The worker must be classified as an employee if the company is unable to prove all three ABC test prongs.
Employees from other states are exempt from AB 5. Only those working within California are governed by these labor regulations and must adhere to the ABC test in California.
Architects’ Specific Occupation Exception
According to the law, some professions are expressly exempt from the AB 5 ABC test. Notably, a person who is a working architect, lawyer, engineer, accountant, or private investigator and has an active California license is excluded. The previous Borello test would be used by an employer to decide whether to classify a licensed professional as an independent contractor or employee because AB 5 is not applicable.
The legislation regulating whether a company can have an independent contractor connection to another business was promptly altered on September 4, 2020, when Governor Gavin Newsom approved AB 2257 into statute to clear up any uncertainty in AB5. Because AB 2257 establishes a business-to-business exception to the Dynamex assessment, the Borello test is applicable.
Please remember that this exclusion only relates to licensed professionals and not to those who operate in the field in general.
The exception for business-to-business service providers
A solo professional with a limited liability company who works for a corporation full-time, exactly like an employee, will probably be considered an employee; the law views the notion that the two are distinct and independent business organizations as a charade designed to evade employment regulations. Thankfully, legitimate independent businesses are permitted to keep operating as independent contractors under the law.

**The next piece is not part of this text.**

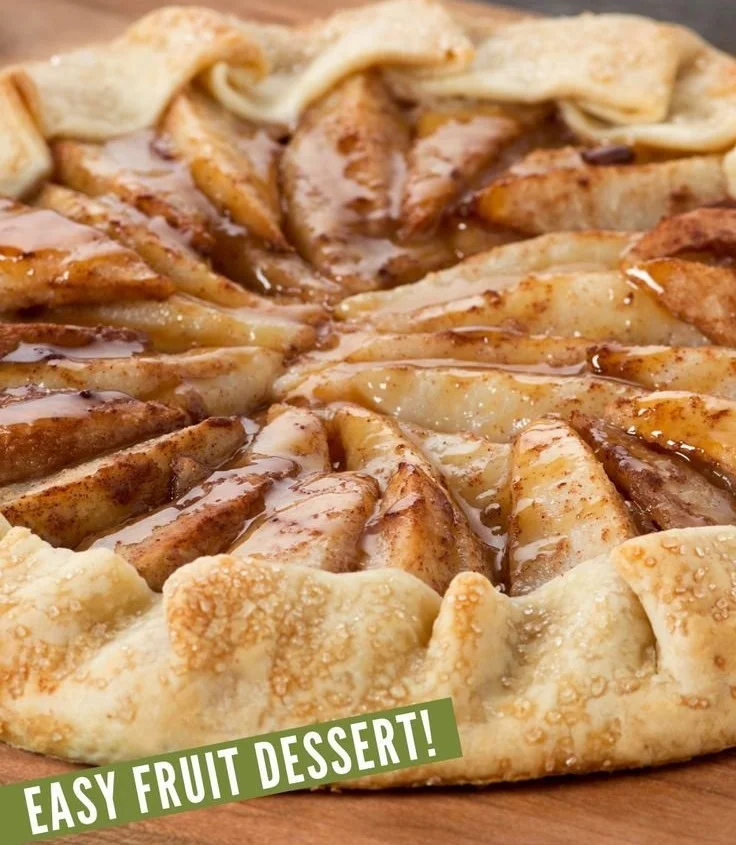 Warm Caramel Pear Galette topped with caramel sauce and pears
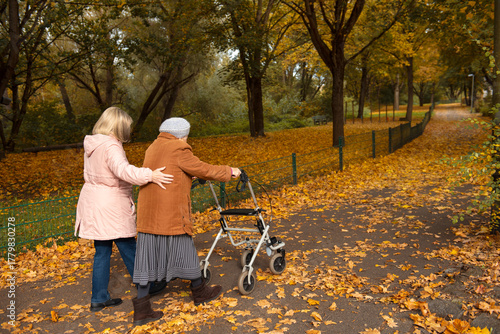 Woman and her elderly mother with walker taking a walk in the park covered in autumn leaves, spending family time together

A written agreement is necessary for the B2B service provider exception, and the business service provider must:
- Be a company, partnership, limited liability partnership, etc.
- Possess the appropriate licenses, if any are required;
- Be separate from the hiring organization;
- Function from a different place of business than the hiring organization;
- Maintain a customer base apart from the company that is hiring;
- Present itself to the public as an entity that can offer comparable services to others;
- Be independent of the hiring company’s direction & control;
- Determine its own prices;
- Supply its own equipment;
- Offer its services to the hiring company directly, rather than to the clients of the hiring company; and
- Not carry out tasks that call for a Contractors State License Board license.
In conclusion, an architectural firm can typically use the exception to employ a company that offers some of the more conventional independent contractor services, such as a sub-consultant design firm or a company that is exempted from AB 5.
Exception for Professional Services
The exception for “professional services” is the other significant exception to AB 5. For the purpose of this law, “professional services” are defined as marketing services that involve creative and original content, designing graphics, photography, fine art, human resource administration, and some other confined technical or artistic work under Labor Code Section 2750.3.
When people who offer professional services carry out the legally required tasks, they are excluded from AB 5 and:
- Keep a company address separate from the recruiting organization;
- Possess a business license along with any professional licenses or permissions that are necessary for them to operate in their line of work;
- Determine their own prices; manage their own schedules;
- Present themselves as capable of performing the same kind of work for someone else; and
- Possess judgment and discretion when providing the services.
The fact that the entity offering the professional service may be an individual distinguishes the professional services exemption from the business-to-business exemption. It is not necessary for the professional services to be rendered via a company organization. As the name implies, the business-to-business exemption necessitates that the service supplier be a business of a certain type.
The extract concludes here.